Chinese enterprises encouraged to invest in US
Updated: 2012-02-17 07:28
By Tan Yingzi (China Daily)
DES MOINES, Iowa - Visiting Vice-President Xi Jinping encouraged more Chinese companies to invest in Iowa and the US Midwest and to help create local jobs.
At a welcome dinner in the state capital on Wednesday, he also promoted exchanges between local governments in China and the US, saying they are the foundation of relations.
It is the second time the Chinese leader has visited the American heartland. In 1985, then a county official in China's Hebei province, Xi led a delegation to Iowa to learn advanced agricultural technology.

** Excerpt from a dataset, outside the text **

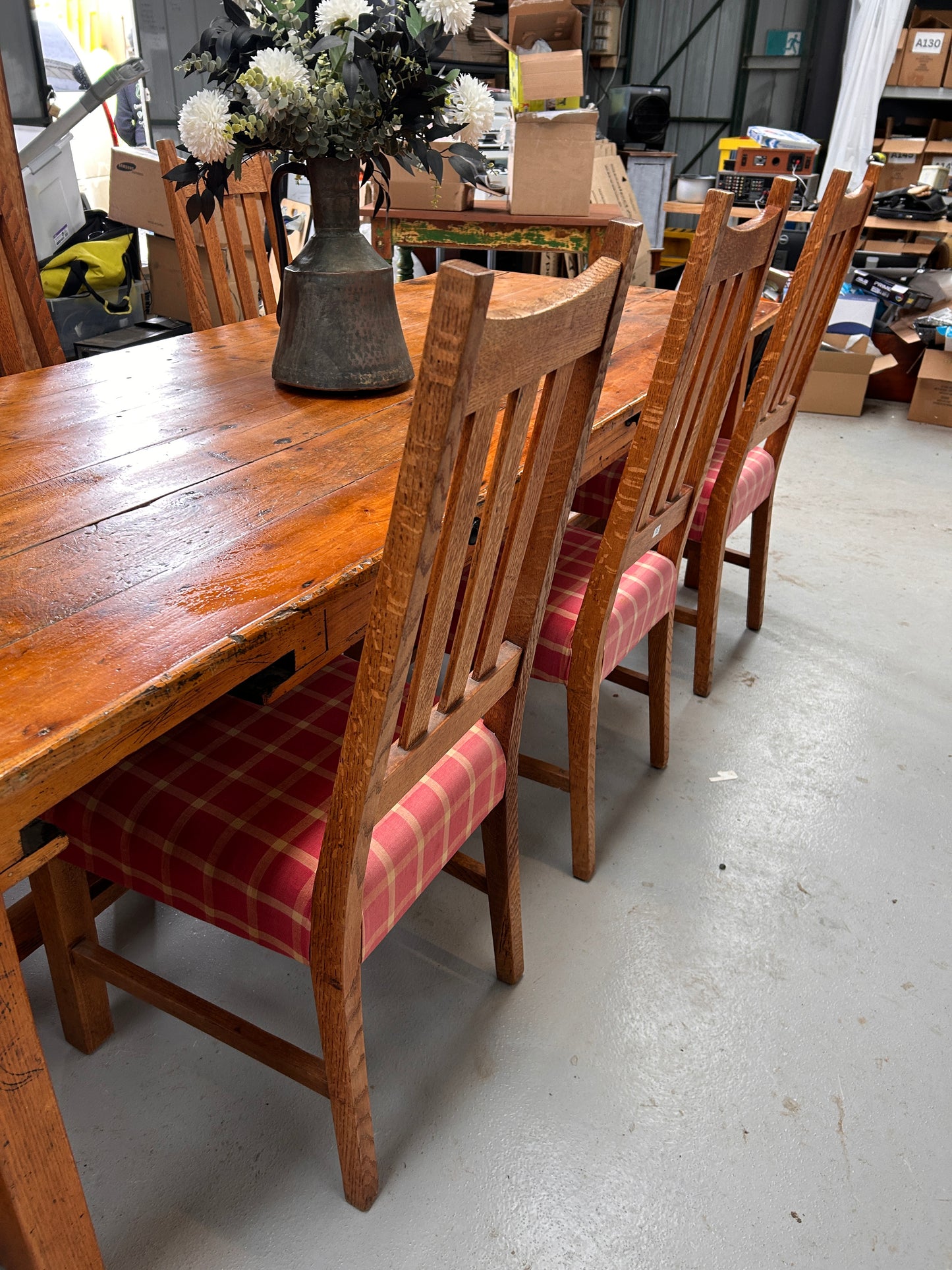 8 seater Dining Table with 6 Oak Chairs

About 650 guests attended the dinner, including US Secretary of Agriculture Tom Vilsack, US Ambassador to China Gary Locke, Kansas Governor Sam Brownback and Michigan Governor Rick Snyder.
Impressed with advanced local industries as well as hospitable people, Xi said he hoped that Iowa could continue to engage in trade and economic relations with China.

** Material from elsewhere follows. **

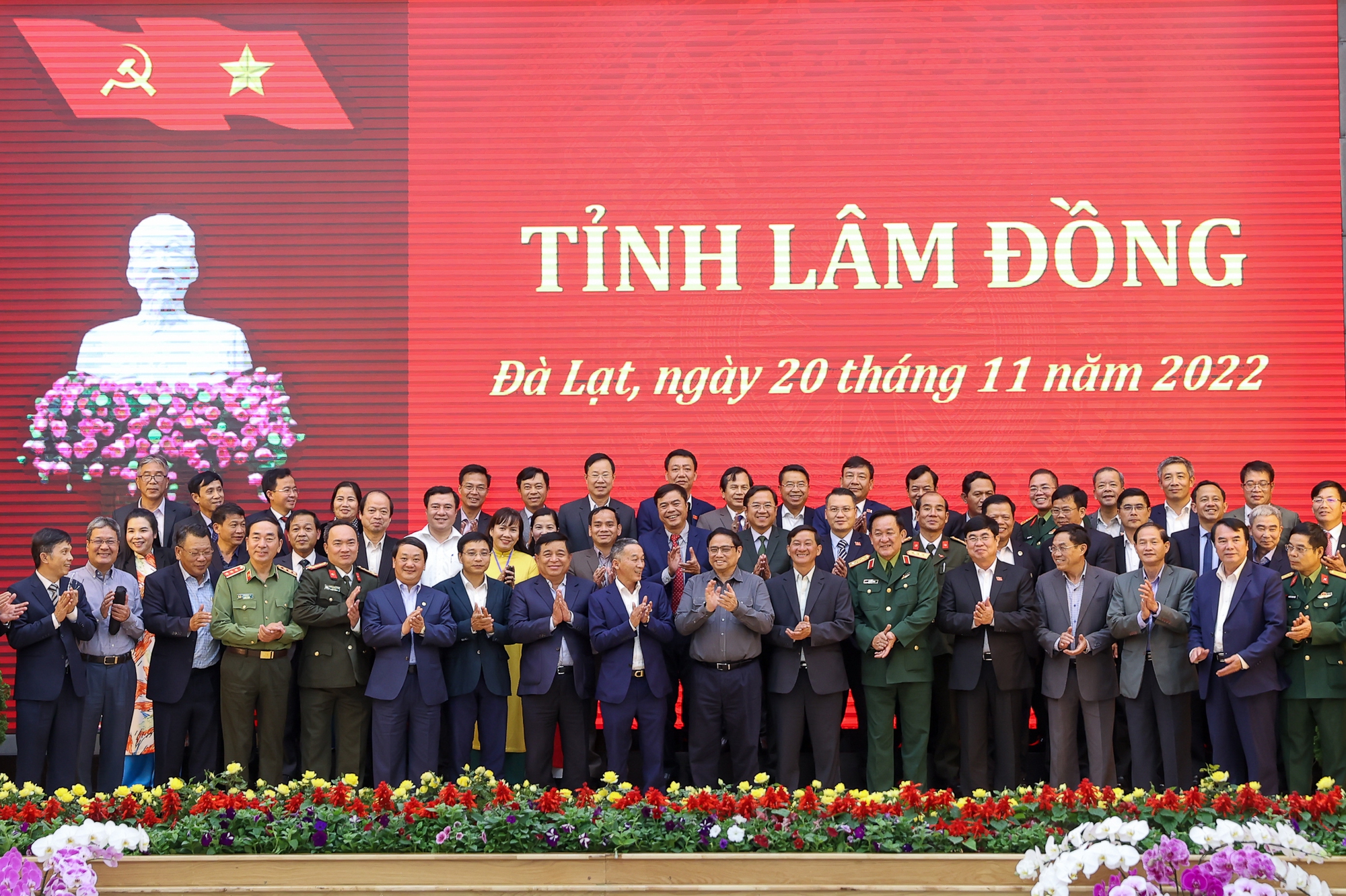 Lâm Đồng phải tập trung vào phát triển du lịch, dịch vụ, văn hoá, trở thành cực tăng trưởng của Tây Nguyên - Ảnh 4. Lâm Đồng phải tập trung vào phát triển du lịch, dịch vụ, văn hoá, trở thành cực tăng trưởng của Tây Nguyên - Ảnh 4.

"China will actively encourage our enterprises to make investments in Iowa and contribute to local jobs," he said.
He also said that China would like to work with other states in the Midwest to increase exchanges in many areas, such as industry, services and emerging sectors.

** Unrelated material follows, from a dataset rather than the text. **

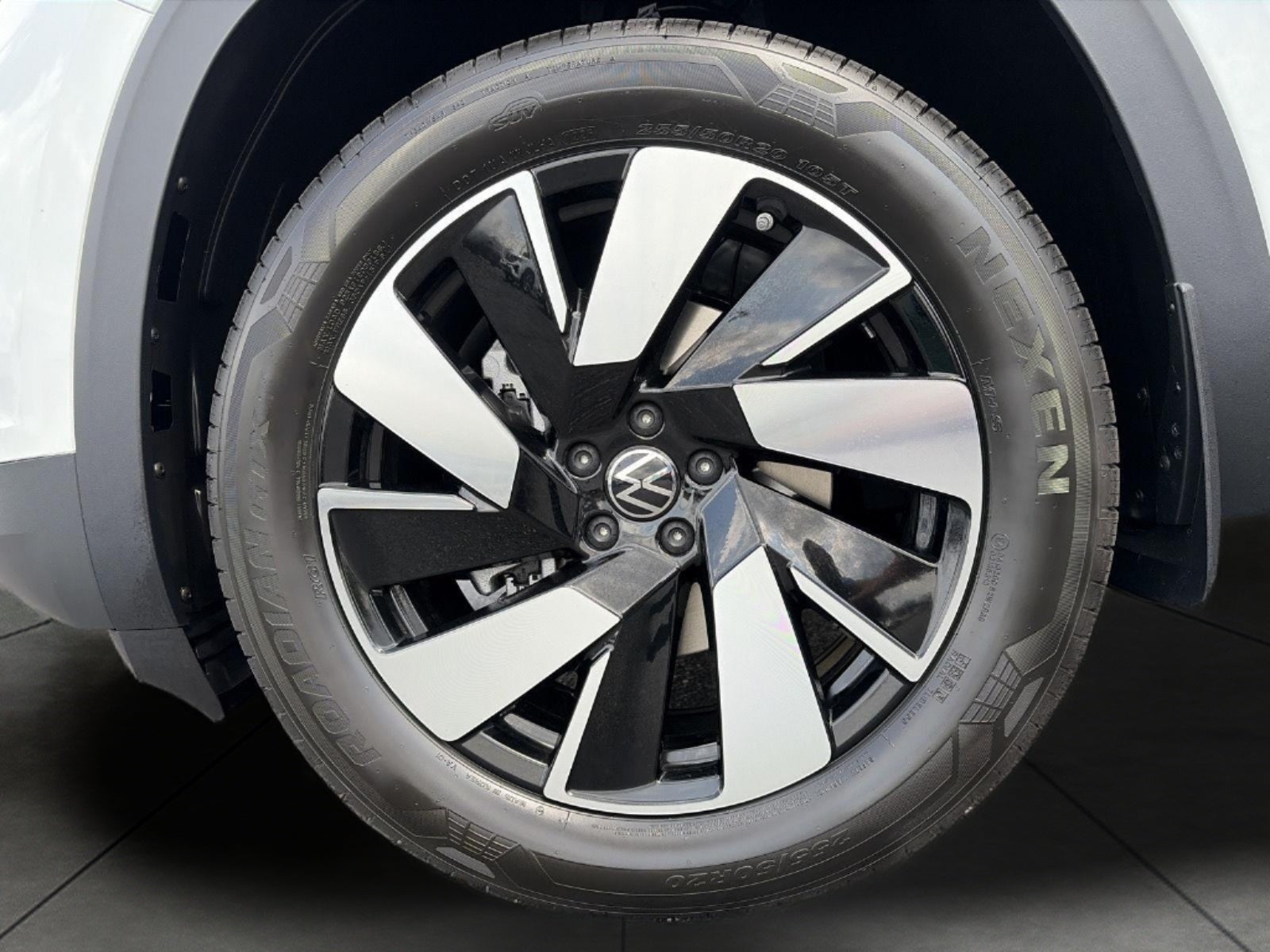 2026 Volkswagen Atlas Cross Sport 2.0T SEL 4MOTION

In Xi's speech, he recalled his fond memories of the 1985 trip.
"It was my first visit to the United States and also the first direct contact with American people," he said.
From that encounter he found the US people, just like the people of China, are "honest, warm-hearted, hardworking and friendly".
"There is a tremendous reservoir of goodwill between the two peoples and we each take great interest in the other," he said.
During Xi's five-day trip to the US, from Feb 13 to 17, he wanted to engage with a broad cross-section of American society to help deepen the friendship between Chinese and American people.
In 1985, Iowa Governor Terry Branstad met with Xi in his office at the state capital. Now, the 65-year-old governor, still in charge of the state after he returned to the position in 2001, hosted the Chinese leader again.
"We are proud of our mutually beneficial trading partnerships with China and Iowa farmers are proud to harvest safe and reliable agricultural products for use by the people of China," the governor said during the welcome speech.
"We hope to build upon these partnerships in related areas where Iowa leads the world, such as biotechnology, advanced manufacturing, food processing and financial services."
The Midwest state, which calls itself the "food capital of the world", is located in the center of the corn belt. It ranks first nationally in corn, soybean, hog, egg and ethanol production, according to the Iowa Farm Bureau.
It also has a strong financial and insurance base with more than 6,000 firms, including Nationwide Group, ING, MetLife, Principal Financial Group and Wells Fargo.
The close ties with China have brought the state many benefits in the past three decades.
China was the state's fourth largest market in 2010 with $627 million in trade volume, according to the US Global Leadership Coalition.
Iowa's exports to China have increased about 13-fold from 2000 to 2010, according to the US-China Business Council. The main exports include crop production, machinery and processed foods.
Several local agriculture technology companies and manufacturers have also already invested in China.